Mr Justice Mostyn, sitting in the Family Court, has recently provided further guidance about determining whether a party to litigation has mental capacity to litigate. The consequences of litigating if you lack capacity, or of litigating against a person who lacks capacity, are that the proceedings and any settlements negotiated are likely to be void if the person lacking capacity does not have the benefit of assistance from a ‘litigation friend’, who is someone with full capacity that is able to make decisions for them.

Section 2 of the Mental Capacity Act 2005 provides that a person lacks capacity in relation to a matter if at the material time he is unable to make a decision for himself in relation to the matter because of an impairment of, or a disturbance in the functioning of, the mind or brain.

Section 3 goes on to set out that for the purposes of section 2, a person is ‘unable to make a decision for himself’ if he is unable:

  1. to understand the information relevant to the decision, and/or
  2. to retain that information, and/or
  3. to use or weigh that information as part of the process of making the decision, and/or
  4. to communicate his decision (whether by talking, using sign language or any other means).

In relation to any form of litigation that capacity test applies to the litigation as a whole, so it is not possible to have capacity for some decisions in the litigation but not others.

In the recent case of Richardson-Ruhan v Ruhan & Ors [2021] 18-19 January 2021, Mr Justice Mostyn heard evidence from a capacity assessor whose opinion was that the wife in this family case would have capacity to make the relevant decisions if, and only if, she had the benefit of legal advice and representation.
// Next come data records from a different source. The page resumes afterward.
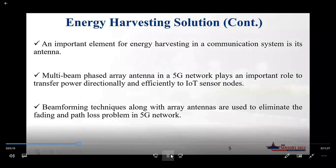The important element of the energy harvesting is the rectifier circuit. On the receiver side, we harvest the incoming signal, and the rectifier circuit is used to convert the AC signal to DC power. On the transmitter side, we are able to use a multi-beam antenna, which is important because with this multi-beam antenna we can transfer power efficiently to the IoT sensors.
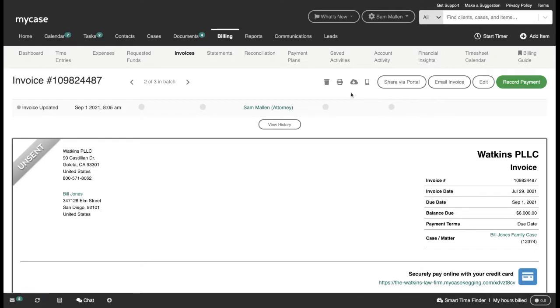Once I'm in this invoices view, I'll see a row of icons at the top of the invoice, several of which represent a different and easy way that I can get this invoice directly into my client's hands.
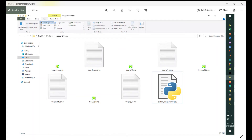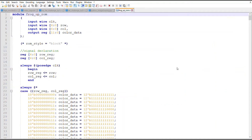Here's a screenshot of my folder. I took all the bitmaps — created PNGs, exported them, opened them in Paint, created four bitmaps — then opened the Python file and changed the name of the bitmap for each frog direction: up, down, left, and right. It created the ROMs for each one.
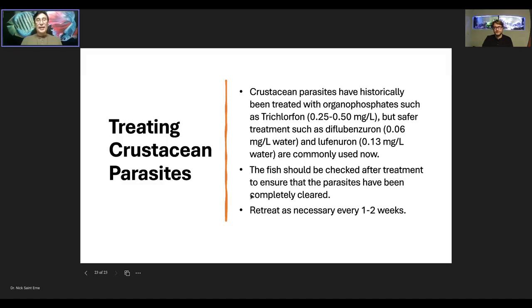That's basically the metazoan parasites we see — what they look like on the fish and how to treat them. A lot of these treatments are available commercially through your pet stores, online, or through your veterinarian. If you do have a question for veterinarians, the World Aquatic Veterinary Medical Association has a website — wavma.org — with a Find a Fish Vet link where you can find a local veterinarian who works with fish and can give you advice or help as needed.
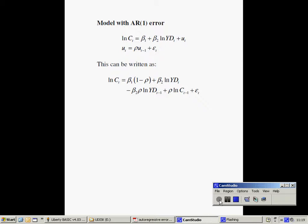This can be written in the form shown below. To estimate this form of the equation, we need to use a nonlinear least squares estimator to allow for the fact that there is a nonlinear restriction between the parameters of the model.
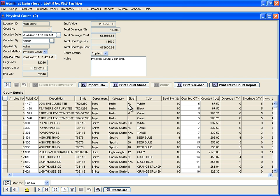At this time, print the final Variance Report for management and accounting reference.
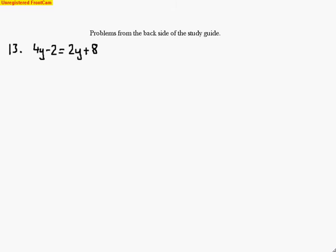These problems are similar to the back side of the study guide so that you can have success doing problems on the front side of the study guide. Study guide questions are always similar to test problems. So let's take a look at number 13.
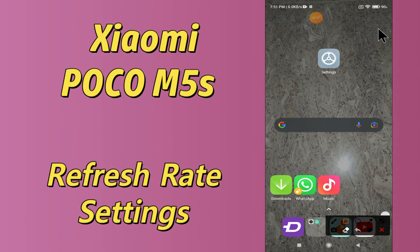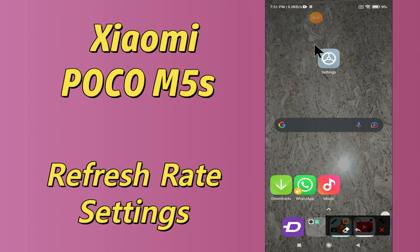But before that, hit the red subscribe button and the bell icon so you are the first one to know when I upload anything new. Now watch this video and you will learn all about the refresh rate settings of your device.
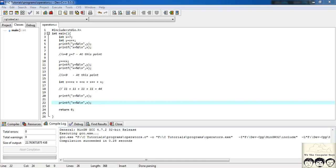This tutorial is a continuation of the last one on operators. In the last tutorial we covered arithmetic operators and the difference between pre and post increment. If you don't know about this, please see the previous tutorial, Operators 1.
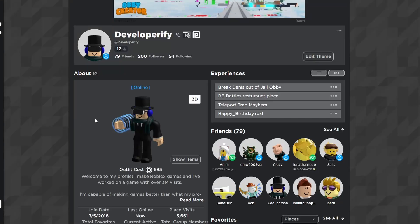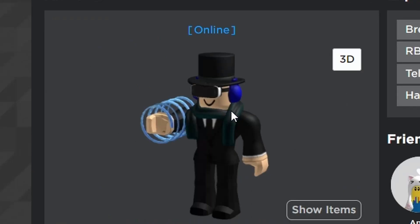Today I'll be showing you how to fully reset your custom Roblox profile picture. As you can see, mine is pretty close to what it should actually be, but it isn't actually what it should be.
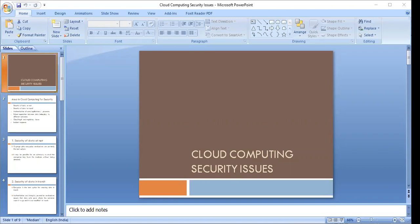In the Platform as a Service model, a layer of software or a development environment is encapsulated and offered as a service, upon which other higher-level services can be built. Infrastructure as a Service provides basic storage and computing capabilities as standardized services over the network — servers, storage systems, network equipment, data centers, etc.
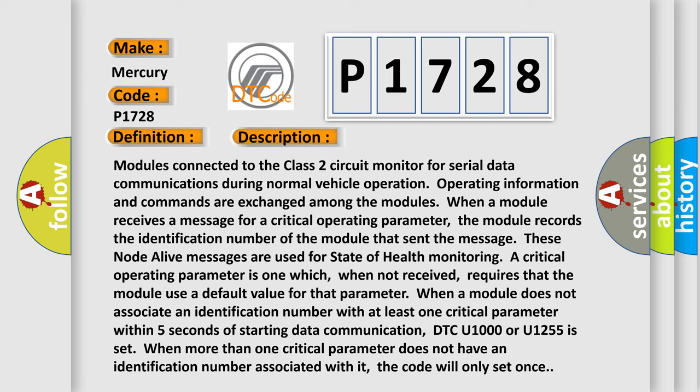When more than one critical parameter does not have an identification number associated with it, the code will only set once.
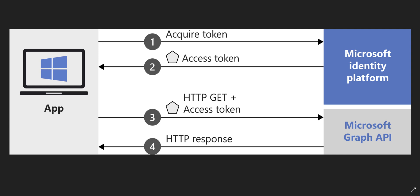In upcoming videos, I'm going to use that access token to call Graph API and get some data out of Microsoft Azure or manipulate some stuff there, like creating custom policies, deleting users, or things like that.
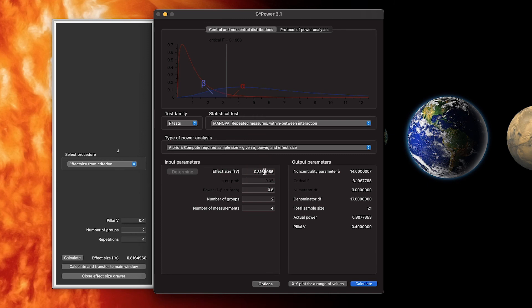Those are all the MANOVA — multivariate analysis of variance — G*Power power analysis tests. If you like this video, consider leaving a like. If you like this content, consider subscribing for more tutorials. Thank you for watching.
If she did not have legal advice then he did not think that she would be capable of navigating the legal complexities involved.

The Judge’s view was that “the capacity to conduct proceedings cannot depend on whether the party receives no legal advice, or good legal advice or bad legal advice. If the party would be capable of making the necessary decisions with the benefit of advice then she has capacity whether or not she actually has the benefit of that advice.”

In other words, if a party to litigation is able to seek legal advice and will only have full capacity to conduct the litigation if that advice is received, it is reasonable to make the determination of capacity on the basis that the legal advice and representation will actually be obtained.

The Court of Protection team at Shoosmiths acts for clients who lack the mental capacity to manage their own property and financial affairs. This involves assessing and reviewing capacity for a range of decisions on a regular basis, and we are experts in advising on capacity under the Mantel Health Act 2005. It is always helpful to have clarity from the courts as to how capacity should be assessed, although the biggest question this case raises is what happens with those clients who have borderline capacity but cannot be relied upon to seek and obtain the advice that they require in order to make decisions? Will they be deemed to have capacity now? Currently, lack of engagement with a range of advisory and support services can be used as evidence of lack of capacity.